The video below shows the cool air at the surface rising and releasing heat as it climbs into the storm. Sandy was a hybrid storm, acting like an intense nor’easter down low, but having a core of warm air aloft. As water condenses from vapor to liquid it releases heat and warms the air. Think of it this way, it takes heat to boil a pot of water dry, but when that steam condenses back to liquid, all that heat to boil it away is released back.
Yes indeed, energy is conserved.
Below the first, is another video of Sandy made with a model running at a resolution of 500 meters! This model took 58 hours to run on the
new NCAR Univ. of Illinois Cray supercomputer! The same model I use each day to forecast was used, but it runs at 12KM and 4KM resolution.

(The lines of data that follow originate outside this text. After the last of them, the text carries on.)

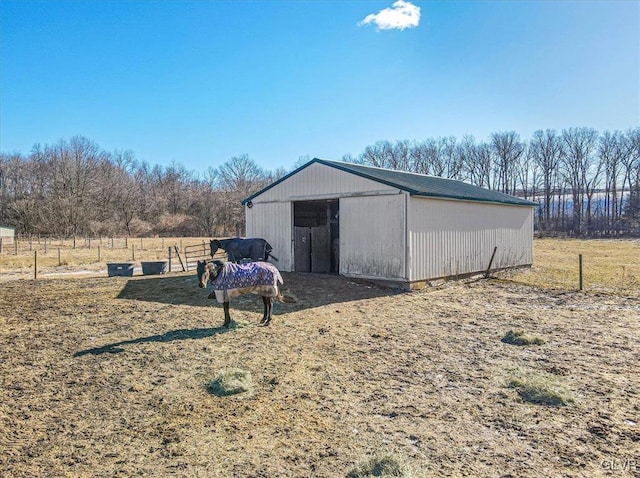 view of outdoor structure with a rural view and a lawn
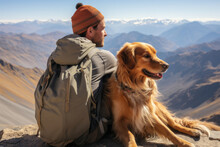 Male Hiker And His Pet Dog Admiring A Scenic View From A Mountain Top. Adventurous Young Man With A Backpack. Hiking And Trekking On A Nature Trail. Traveling By Foot.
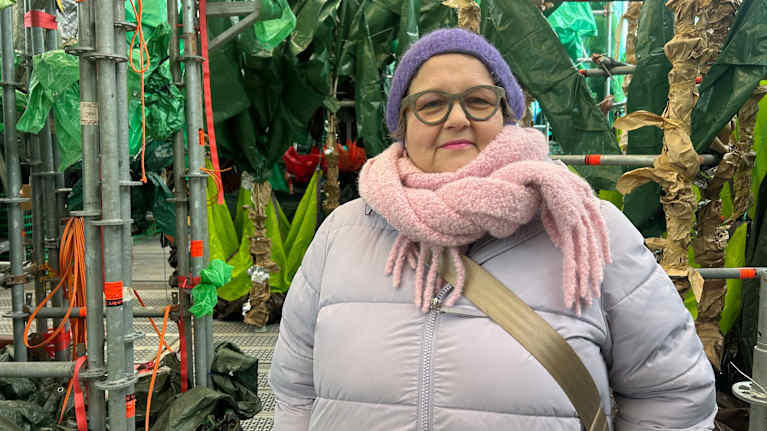 Nainen poseeraa trooppista kasvihuonetta imitoivassa taideteoksessa, 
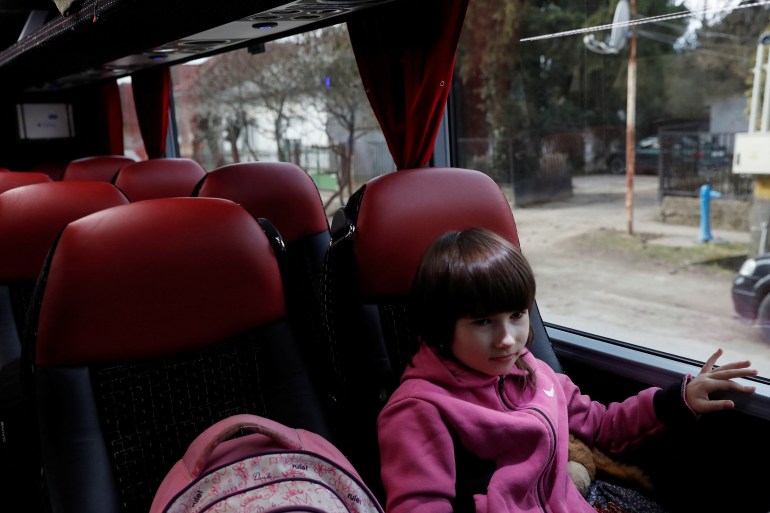 Laura, 8 fleeing from Ukraine without her parents sits on a bus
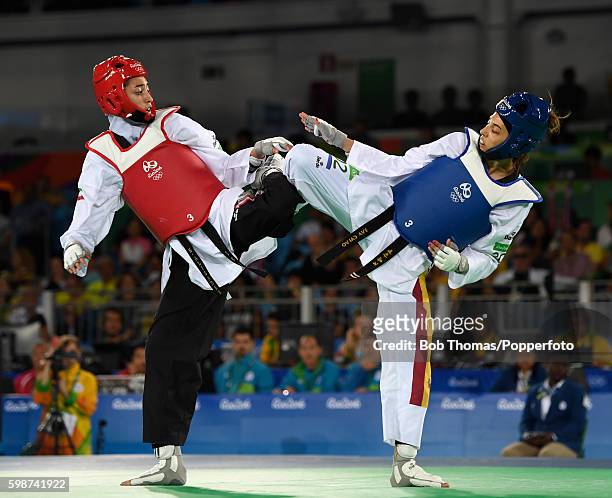 Eva Calvo Gomez of Spain in action against Kimia Alizadeh Zenoorin of Iran during the Women's Taekwondo 57kg quarter finals at the Carioca Arena on...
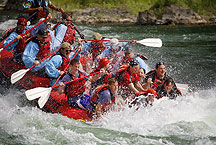 whitewater rafting by Ron Niebrugge: people in a raft, the front of which is partially submerged in white water, used with permission from the photogrpher, Ron Niebrugge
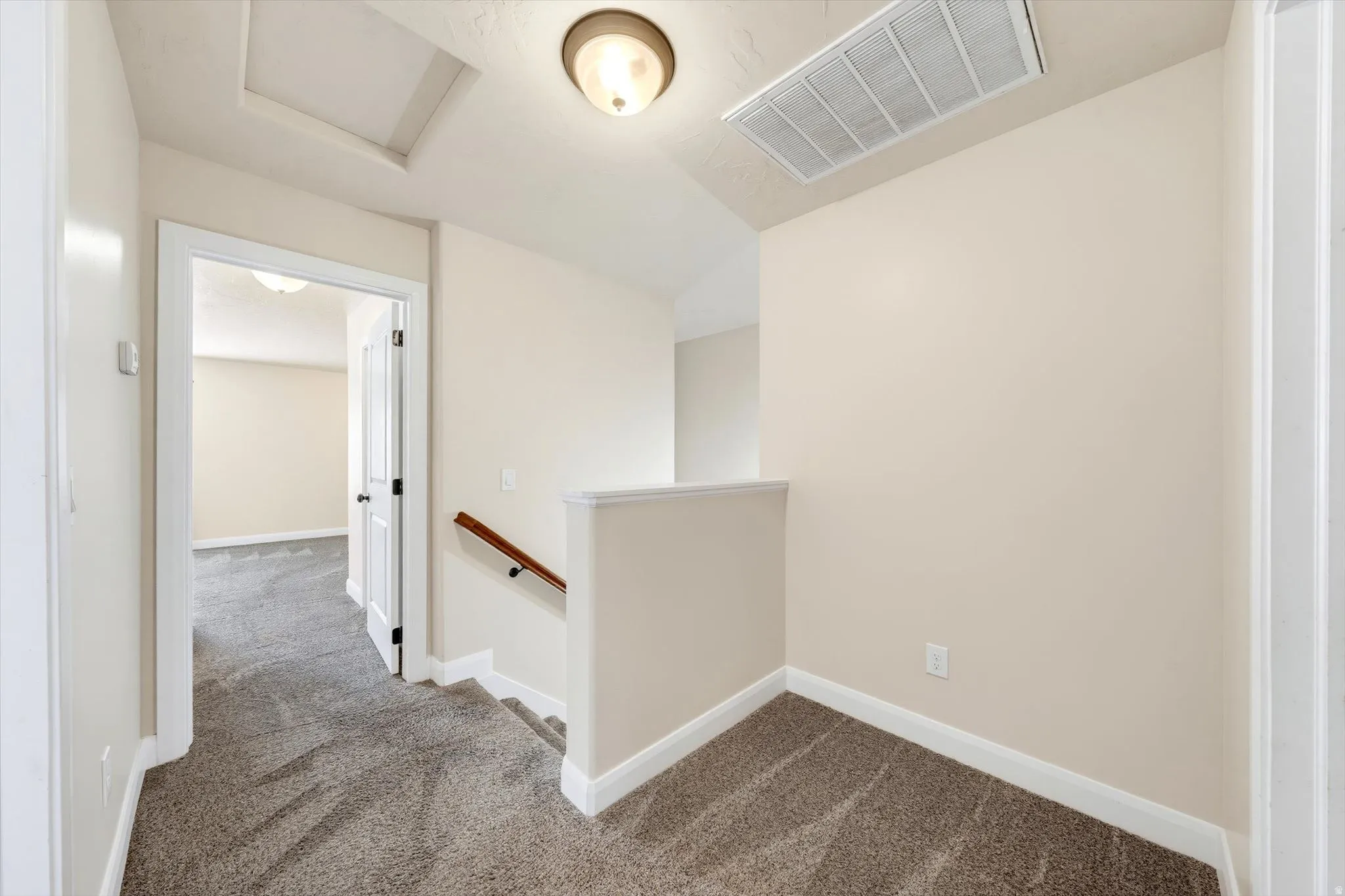 Neutral wall paint, plush carpet flooring, white trim, wood handrail, and flush mount lighting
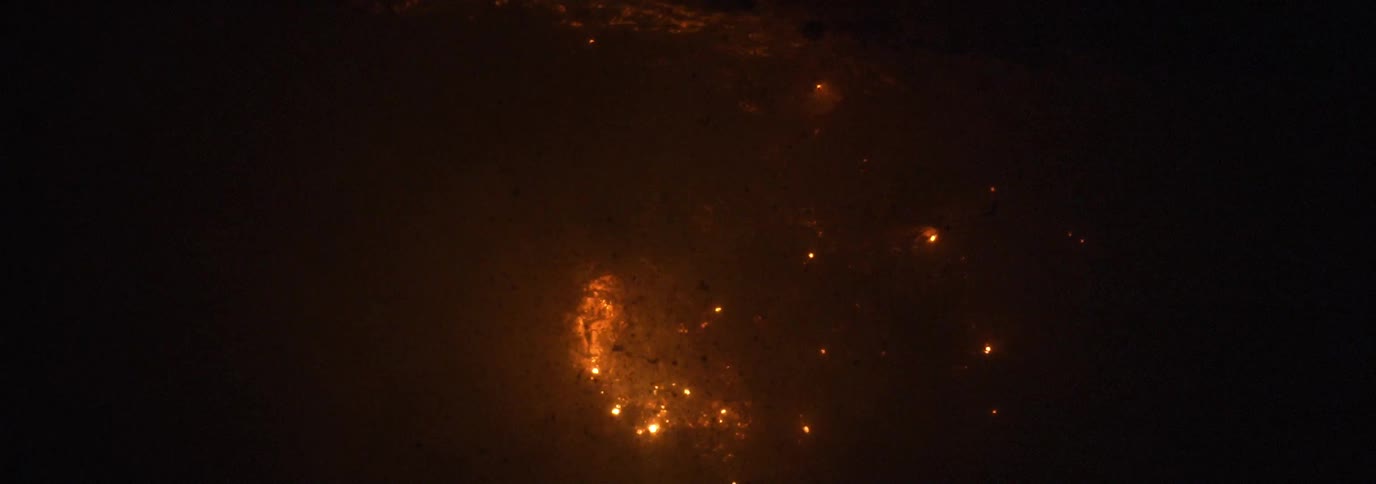 Smoke rises from the fire at night as sparks rise from the flames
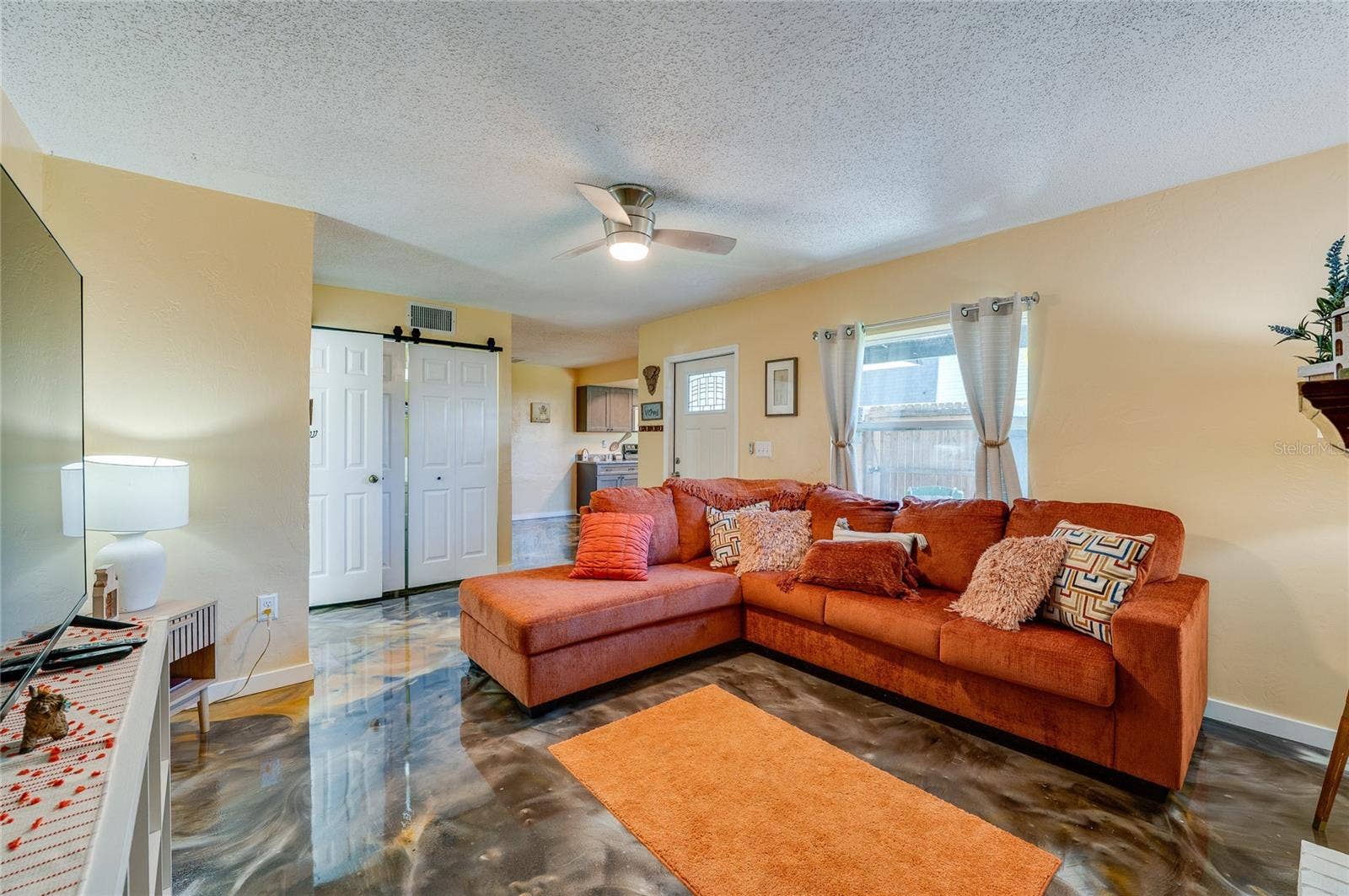 36 SPRINGWOOD SQUARE, Port Orange, FL 32129 Bright living area featuring epoxy floors, a white front entrance door, and sliding closet doors leading to adjoining spaces.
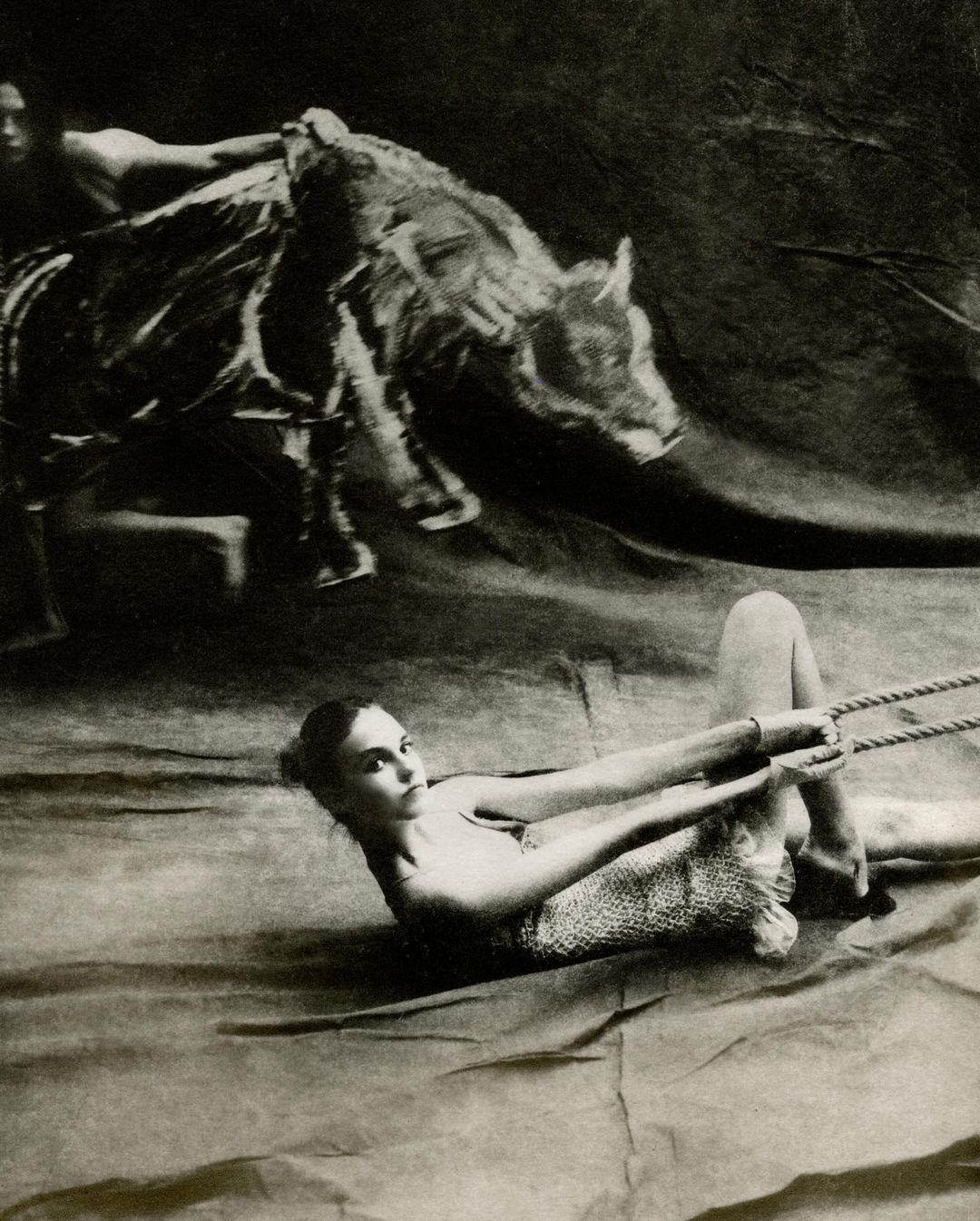 Striking black and white studio portrait of a woman lying down pulling rope, with a second person and animal overhead.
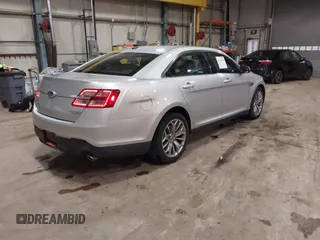 2013 Ford Taurus Limited with VIN 1FAHP2F83DG116657, listed as a IAAI auction lot 41533075 with 124,649 mi miles. Bid and sale history available at carsss.com. Image 4.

To run the model at a higher resolution would not give us a forecast for tomorrow until the day after, or longer! Running these high-resolution models after the fact may not help with forecasting Sandy, but it will help us to better forecast the next one.
There is no doubt that the rising sea level made Sandy worse. I think in many ways it was the first real reminder from Mother Nature that climate change is not just something that will affect our grand children, but is already changing our planet. A storm like Sandy will be notably worse in just 30 years. How we rebuild on the coastline now, will determine how many people lose their homes and livelihoods next time.
More on Sandy and more on the high-resolution model runs from Bob Henson at NCAR here. It truly is amazing how well we can model the atmosphere now compared to 30 years ago. When we have computers that can run at 500 meter resolution and produce a 48 hour forecast in 3-4 hours, then forecasting will indeed have entered a new age.